How to complete this task: Below are the entries; count how many lines contain the word "Gallery" and reply with that number alone.

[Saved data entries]
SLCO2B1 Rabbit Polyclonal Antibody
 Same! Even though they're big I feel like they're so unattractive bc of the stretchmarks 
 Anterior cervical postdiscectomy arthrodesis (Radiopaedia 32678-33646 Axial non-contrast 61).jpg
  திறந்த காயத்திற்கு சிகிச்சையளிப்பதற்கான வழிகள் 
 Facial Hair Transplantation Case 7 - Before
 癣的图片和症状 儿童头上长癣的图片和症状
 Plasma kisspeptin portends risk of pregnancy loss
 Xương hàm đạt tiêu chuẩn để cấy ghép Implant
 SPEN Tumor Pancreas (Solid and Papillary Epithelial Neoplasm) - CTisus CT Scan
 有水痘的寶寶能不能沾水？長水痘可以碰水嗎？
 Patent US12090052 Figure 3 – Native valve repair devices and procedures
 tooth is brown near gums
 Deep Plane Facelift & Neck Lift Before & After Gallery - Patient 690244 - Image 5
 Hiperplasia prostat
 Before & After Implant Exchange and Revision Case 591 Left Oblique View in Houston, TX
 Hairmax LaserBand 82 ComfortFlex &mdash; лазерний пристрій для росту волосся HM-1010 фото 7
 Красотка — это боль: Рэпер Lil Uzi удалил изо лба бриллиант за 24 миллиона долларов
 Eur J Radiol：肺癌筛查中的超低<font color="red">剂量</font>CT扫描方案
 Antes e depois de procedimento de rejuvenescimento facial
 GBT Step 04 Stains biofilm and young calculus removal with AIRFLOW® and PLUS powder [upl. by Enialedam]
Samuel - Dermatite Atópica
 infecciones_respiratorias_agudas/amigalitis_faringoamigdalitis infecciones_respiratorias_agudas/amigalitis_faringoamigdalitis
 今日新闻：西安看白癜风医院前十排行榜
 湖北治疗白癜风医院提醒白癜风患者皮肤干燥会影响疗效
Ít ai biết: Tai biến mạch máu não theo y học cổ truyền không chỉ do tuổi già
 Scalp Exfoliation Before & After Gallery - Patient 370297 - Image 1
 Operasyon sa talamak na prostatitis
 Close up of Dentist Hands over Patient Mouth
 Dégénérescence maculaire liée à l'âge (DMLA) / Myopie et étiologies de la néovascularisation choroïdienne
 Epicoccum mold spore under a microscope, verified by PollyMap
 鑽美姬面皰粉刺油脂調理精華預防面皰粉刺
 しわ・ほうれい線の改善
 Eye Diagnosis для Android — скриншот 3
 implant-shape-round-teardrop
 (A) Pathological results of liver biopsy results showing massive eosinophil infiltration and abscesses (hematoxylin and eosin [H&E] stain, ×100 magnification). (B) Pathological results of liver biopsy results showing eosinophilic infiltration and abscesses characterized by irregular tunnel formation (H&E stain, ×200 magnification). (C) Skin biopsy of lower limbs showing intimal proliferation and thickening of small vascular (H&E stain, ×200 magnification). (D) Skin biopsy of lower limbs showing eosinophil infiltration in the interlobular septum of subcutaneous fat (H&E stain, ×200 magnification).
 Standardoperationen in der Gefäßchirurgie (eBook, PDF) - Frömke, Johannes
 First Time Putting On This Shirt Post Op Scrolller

The answer: 2